In a reduction in policy interest rates – for the first time in 4 years – by 50 bp. in the range of 4.75% to 5%, the Federal Reserve (Fed) advanced, in an attempt to stimulate the growth of the US economy, to satisfy investors and to raise the morale of the Democrats, especially the candidate President Kamala Harris ahead of the November 5, 2024 election.
As the Federal Monetary Policy Committee (FOMC) said in its announcement, recent indicators for the US suggest that
- economic activity continued to expand at a steady pace.
- Job growth has slowed and the unemployment rate has risen but remains low.
- Annual inflation has made further progress towards the Commission’s 2% target, but remains high.
As far as economic forecasts for the US are concerned, as can be seen in the table below, the Fed revised its estimates for economic growth and unemployment in the US in 2024 to 2% (from 2.1%) and 4, 4% (against forecasts for unemployment of 4% at the end of this year) respectively.
Of course, it expects lower inflation at the end of the year, at 2.3% against a forecast of 2.6%. Other forecasts remained broadly unchanged:

Powell (Fed): Guide to monetary easing the US labor market – We are not committed to another rate cut
Although the prospect of interest rate cuts makes investors quick to respond, the arrival of easing has often proved disappointing.

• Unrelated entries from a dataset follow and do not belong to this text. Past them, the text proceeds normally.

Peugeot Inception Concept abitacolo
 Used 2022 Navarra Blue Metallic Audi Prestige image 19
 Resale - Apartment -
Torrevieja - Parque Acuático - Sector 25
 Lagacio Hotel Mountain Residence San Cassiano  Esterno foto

Consider how stock prices have responded in previous cycles:
- Although in the 1990s, when Alan Greenspan was at the helm of the Fed, the stock market received successive boosts, the situation as it developed afterwards was disappointing.
- In the early 2000s, interest rates fell when the dotcom bubble burst.
- In 2007, further monetary easing coincided with the market crash in the wake of the global financial crisis.
- The dovish turn that started in 2019 boosted share prices at first, but the performance since the start of the Covid-19 pandemic has disappointed.
Like many things in finance, interest rate cuts have little (in this case positive) effect on stock prices.
The coverage comes from lowering borrowing costs, which allows companies to keep more of their profits and encourages customers to spend more on their products.
If bond yields also fall, future stock returns become much more attractive.
The catalysts of the fall
So what could be the factors causing the fall this time?
One is timeless: that money never gets cheaper individually, but because central bankers fear economic weakness and want to prevent it. Just now, this seems less alarming than usual. It is true that America’s labor market has cooled, which caused a violent fall in the summer.
However, unlike what has happened with other tightening cycles, the economy appears to be simply slowing rather than entering a recession. So corporate earnings are safer than usual as the Fed begins to ease – and so should stock prices.
More worrisome are the notorious “long and variable lags,” as Milton Friedman called them, between changes in monetary policy and their effects on firms and consumers. More specifically:
- Conversely, even as the Fed prepares to ease, many borrowers will face higher interest rates.
- Any company that issued fixed rate debt while the money was almost free, which is a lot of it, will eventually need refinancing.
- Since there is little prospect of the Fed returning interest rates to near zero anytime soon, debt servicing costs for such companies will continue to rise for some time to come.
- Homeowners with fixed rate mortgages who need refinancing (for example after moving house) will find themselves in a similar position.
Thus, interest rate cuts may boost the economy, and therefore the stock market, less today than they would in the past. For this reason, on Wednesday immediately after the announcement of the surprise reduction in interest rates, the stockmarket indices on Wall Street closed in the red.